Sparked by a desire to curb childhood obesity, this town of 78,000
has undergone a subtle yet dramatic transformation in the past five
years. Restaurants have switched to low-fat milk and smaller
portion sizes. The school district has nearly doubled the amount of
fresh fruit at lunch. The town, just outside Boston , has repainted
crosswalks to get more people walking to work or school.
POUND WISE
• What's New: The town of Somerville , Mass. , has made strides
against child obesity by getting the whole community involved.
• The Background: Many previous efforts focused solely on schools
failed to show results.
• What's Next: Project leader Christina Economos hopes to bring
her ideas to the Mississippi Delta and elsewhere.
The numbers suggest it works. During the 2003-04 school year,
Somerville schoolchildren gained less weight than children in two
nearby communities used as a control group, according to a report
published today in the medical journal Obesity. The difference was
statistically significant and translates into preventing about a pound
of excess weight gain among children who lean toward the heavy
side, the report says.
The Somerville study is believed to be the first controlled
experiment demonstrating the value of a communitywide effort. It's
only a small dent, but slowing the pace of weight gain among kids
is the key to conquering childhood obesity, says lead author
Christina Economos, an assistant professor at Tufts University . "It
could be the difference between graduating overweight and
graduating at a normal weight," she says. "We need to think about
how it plays out long term."
The Somerville program, designed primarily by Dr. Economos and
fellow researchers at the Tufts Friedman School of Nutrition, offers
a surprising blueprint. It didn't force schoolchildren to go on diets.

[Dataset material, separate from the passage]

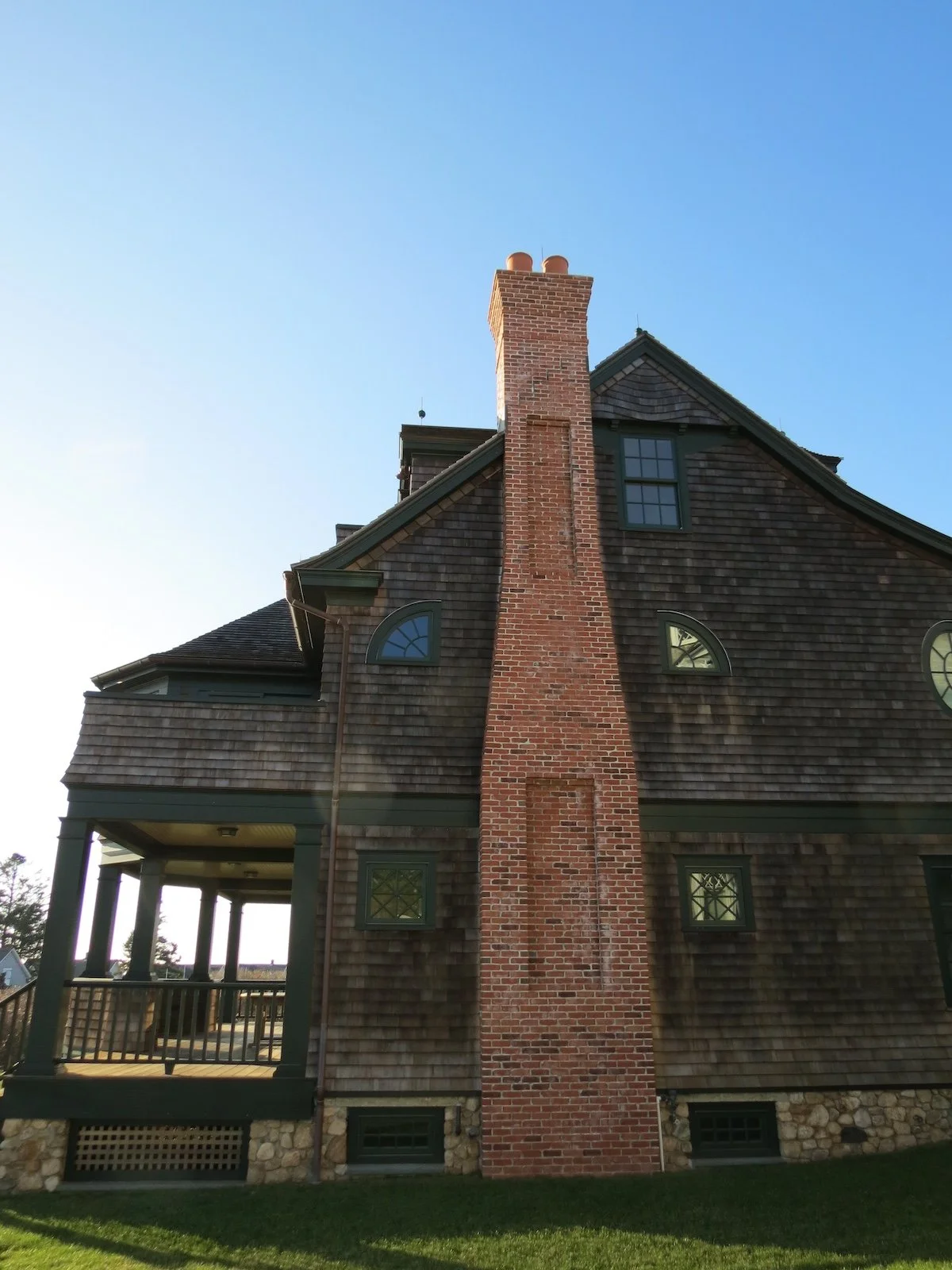  Dotolo Bros Chimneys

Instead, the goal was to change their environment with small and
inexpensive steps. Dr. Economos, a specialist in pediatric nutrition
and the mother of two school-age children, has long believed that
the battle against obesity can't be fought at the dinner table alone
but requires social and political changes.
[C E]
For inspiration, she turned to other successful social movements of
the past 40 years, analyzing tobacco control, seat-belt use and
breastfeeding. All were thorny public-health problems lacking a
quick fix, yet significant progress was made on each. In 2002, the
Centers for Disease Control and Prevention awarded Dr. Economos
a $1.5 million grant to find out whether the same social forces
could work in nutrition.
The goal of the researchers' Shape Up plan was to have Somerville
children burn more calories through exercise and take in fewer with
a healthier diet, for a total benefit of 125 calories a day.
What was missing from the program at first was a community
champion, someone like C. Everett Koop, the surgeon general who
railed against tobacco, or Ralph Nader in the battle over car safety.
"I knew we needed a sparkplug," says Dr. Economos.
She found it in Somerville Mayor Joseph Curtatone, a lawyer and
volunteer football coach at the local high school. Mr. Curtatone says
he had gained weight on the campaign trail and was hoping to shed
a few pounds when Dr. Economos walked into his office to talk
about her hopes for a community-based obesity intervention in
Somerville . "I bought into it right away because I could see the
potential," says Mr. Curtatone. He figured projects to encourage
exercise and good eating could make the city a better place to live
regardless of how the experiment turned out.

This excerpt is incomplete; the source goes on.